AWS - install all services

~/.pipe/pipectl   install \
            -env CP_AWS_KMS_ARN="arn:aws:kms:{region}:{account_id}:key/{key_id}" \
            -env CP_AWS_ACCESS_KEY_ID=ABCDEFGHIJKLMNOPQRST \
            -env CP_AWS_SECRET_ACCESS_KEY=abcdefghijklmnopqstuvwxyz1234567890ABCDE \
            -env CP_PREF_CLUSTER_SSH_KEY_NAME={deploykey_name} \
            -env CP_PREF_CLUSTER_INSTANCE_SECURITY_GROUPS="sg-123456789,sg-qwertyui" \
            -env CP_PREF_STORAGE_TEMP_CREDENTIALS_ROLE="arn:aws:iam::{account_id}:role/{role_name}" \
            -env CP_NOTIFIER_SMTP_SERVER_HOST="smtp.server.name" \
            -env CP_NOTIFIER_SMTP_SERVER_PORT={smpt_port} \
            -env CP_NOTIFIER_SMTP_FROM="[email protected]" \
            -env CP_NOTIFIER_SMTP_USER="[email protected]" \
            -env CP_NOTIFIER_SMTP_PASS="{smtp_password}" \
            -env CP_DEFAULT_ADMIN_EMAIL="[email protected]" \
            -env CP_CLUSTER_SSH_KEY=/path/to/deploykey_name.pem \
            -env CP_PREF_STORAGE_SYSTEM_STORAGE_NAME=pipeline-system \
            -env CP_CLOUD_REGION_FILE_STORAGE_HOSTS="fs-123456789.efs.{region}.amazonaws.com" \
            -env CP_DOCKER_STORAGE_TYPE="obj" \
            -env CP_DOCKER_STORAGE_CONTAINER="{s3_bucket_name}" \
            -env CP_DEPLOYMENT_ID="my_cloud_pipeline" \
            -m

Azure - install all services

~/.pipe/pipectl   install \
            -env CP_CLUSTER_SSH_KEY=/path/to/deploykey_name.pem \
            -env CP_CLUSTER_SSH_PUB=/path/to/deploypub_name.pem \
            -env CP_CLOUD_CREDENTIALS_FILE=/path/to/az/credentials \
            -env CP_AZURE_STORAGE_ACCOUNT={storage_account} \
            -env CP_AZURE_STORAGE_KEY=ABCDEFGHI \
            -env CP_AZURE_DEFAULT_RESOURCE_GROUP={resource_group_name} \
            -env CP_AZURE_OFFER_DURABLE_ID=MS-AAA-0000A \
            -env CP_AZURE_SUBSCRIPTION_ID=12345678-1234-1234-1234-12345678 \
            -env CP_PREF_CLUSTER_INSTANCE_SECURITY_GROUPS="sg-123456789,sg-qwertyui" \
            -env CP_NOTIFIER_SMTP_SERVER_HOST="smtp.server.name" \
            -env CP_NOTIFIER_SMTP_SERVER_PORT={smpt_port} \
            -env CP_NOTIFIER_SMTP_FROM="[email protected]" \
            -env CP_NOTIFIER_SMTP_USER="[email protected]" \
            -env CP_NOTIFIER_SMTP_PASS="{smtp_password}" \
            -env CP_DEFAULT_ADMIN_EMAIL="[email protected]" \
            -env CP_PREF_STORAGE_SYSTEM_STORAGE_NAME=pipeline-system \
            -env CP_CLOUD_REGION_FILE_STORAGE_HOSTS="{fs_name}.file.core.windows.net/{share_name}" \
            -env CP_DOCKER_STORAGE_TYPE="obj" \
            -env CP_DOCKER_STORAGE_CONTAINER="{blob_contaner_name}" \
            -env CP_DEPLOYMENT_ID="my_cloud_pipeline" \
            -env CP_KUBE_MASTER_DOCKER_PATH="/docker/drive/" \
            -env CP_KUBE_MASTER_ETCD_HOST_PATH="/etcd/drive/" \
            -m

sync

This command allows to sync configuration between 2 Cloud Pipeline deployments.

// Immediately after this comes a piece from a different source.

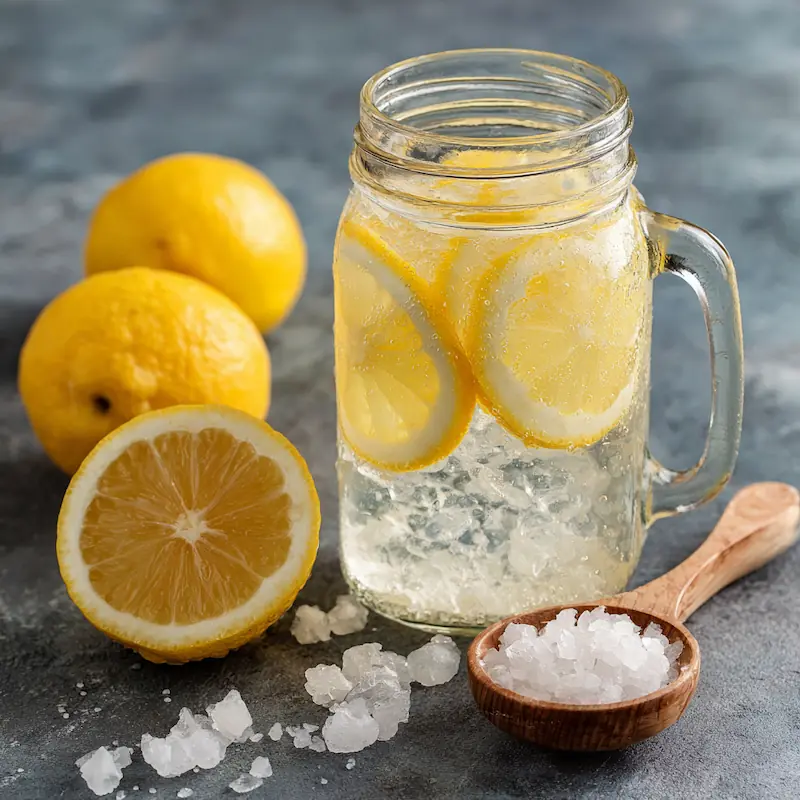 Easy Electrolyte Hydration Water Recipe for Students (Stay Energized on a Budget!) 2 Homemade electrolyte hydration water with lemon slices and sea salt in a mason jar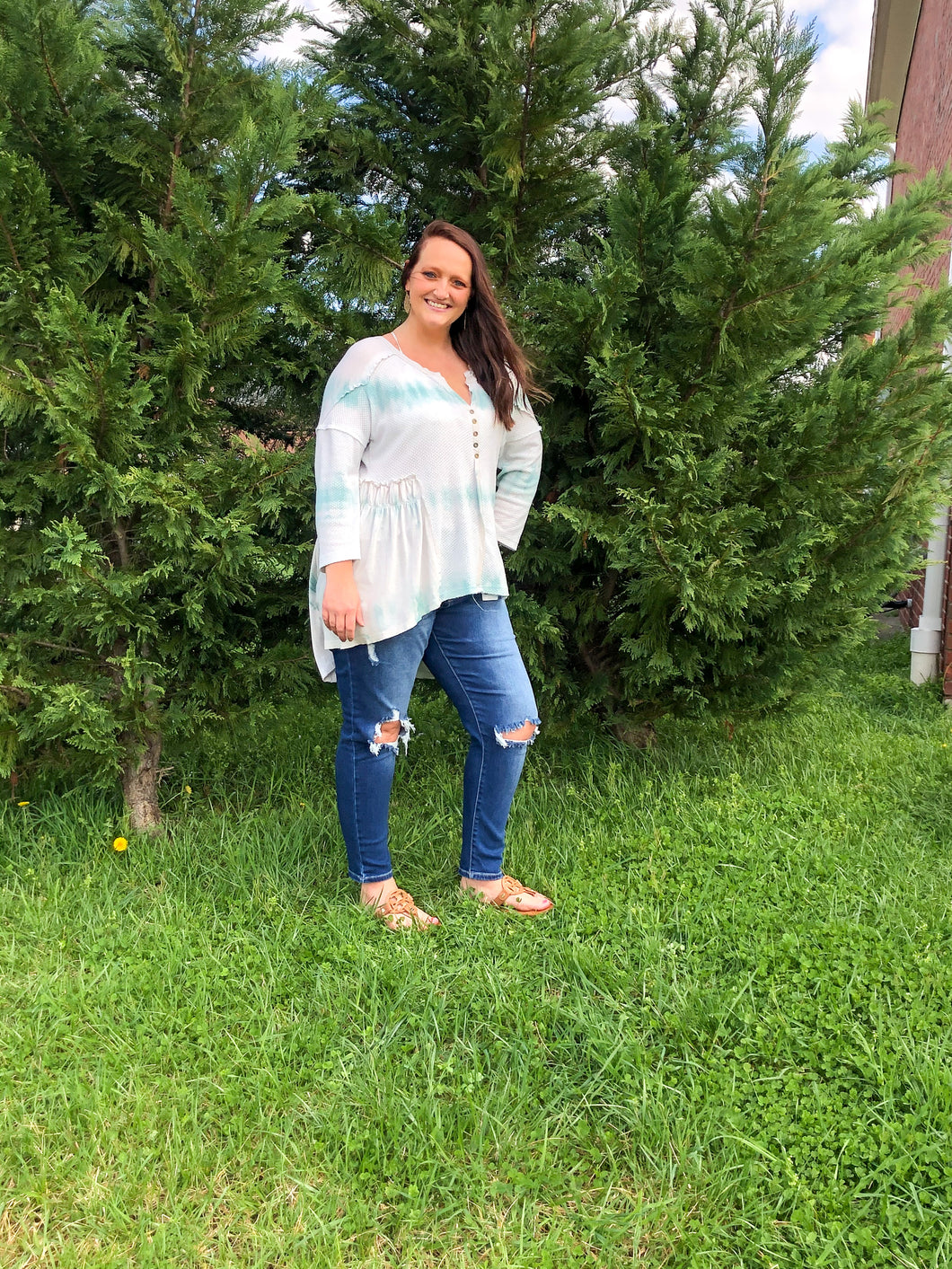 Aqua Stripe Knit Tunic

Environment variables for controlling execution flow:

export CP_SYNC_USERS_METADATA_SKIP_KEYS= # describes keys, that shall be skipped during metadata sync in users sync routine (Optional, if not specified all metadata will be transferred without any filtering)
export CP_SYNC_TOOLS_METADATA_SKIP_KEYS= # the same, as described above, but for tools sync routine
export CP_SYNC_TOOLS_TRANSFER_POOL_SIZE= # amount of threads, that is going to be used for tools transfer.  
                                         # Note, that it boosts the sync speed, but results in higher storage volume
                                         # consumption, as all versions of a tool are pulled at first to 
                                         # a local docker and pushed after to remote registry
~/.pipe/pipectl   sync \
# Pipectl sync options
                --users \                       # enables users/groups synchronization
                --tools \                       # enables tools synchronization
                --source-url {url_a} \          # URL of `source` environment's API host
                --source-token {token_a} \      # JWT token to access `source` environment
                --target-url {url_b} \          # URL of `destination` environment's API host
                --target-token {token_b} \      # JWT token to access `destination` environment
                --docker-cmd {path_to_docker}   # specifies the command, that will be used instead of simple `docker` 
                                                # during tools synchronization
            

scrap

This command allows to scrap existing deployment of the Cloud-Pipeline and store its configuration and settings to the output directory. It will scrap: Cloud-Pipeline system-properties, users, settings from kubernetes config-map, list of the docker tools, list of installed services and version of the Cloud-Pipeline.

~/.pipe/pipectl scrap \
# Pipectl scrap options
                -o   |--output-dir "<path_to_directory>" \                     # Path to the directory where configuration will be saved.
                -cpa |--cp-api-address "<https://cloud-pipeline-url.com>" \    # URL for Cloud-Pipeline REST API,
                -cpt |--cp-api-token "<token>" \                               # JWT token to use for authentication in Cloud-Pipeline.
                -nk  |--node-ssh-key "<path_to_key>" \                         # SSH key for connecting to the Cloud-Pipeline node. 
                -nu  |--node-user "<username>" \                               # (Optional) Username for SSH connections to the Cloud-Pipeline node.
                -na  |--node-address "<ip-address>"\                           # (Optional) Address (IP or DNS) for SSH to the Cloud-Pipeline node. 
                -sc  |--stored-configuration "<list_to_scrap>" \               # (Optional) Scrap only selected parts of the configuration. Possible values: system_preferences,users,tools
                -kn  |--kube-namespace "<default>" \                           # (Optional) Namespace name where configmap and services are located.
                -kc  |--kube-configmap "<configmap_name>" \                    # (Optional) Name of the kubernetes configmap to save data from.
                -f   |--force \                                                # Write to the directory even if it is not empty.
                -h   |--help                                                   # Prints help massage.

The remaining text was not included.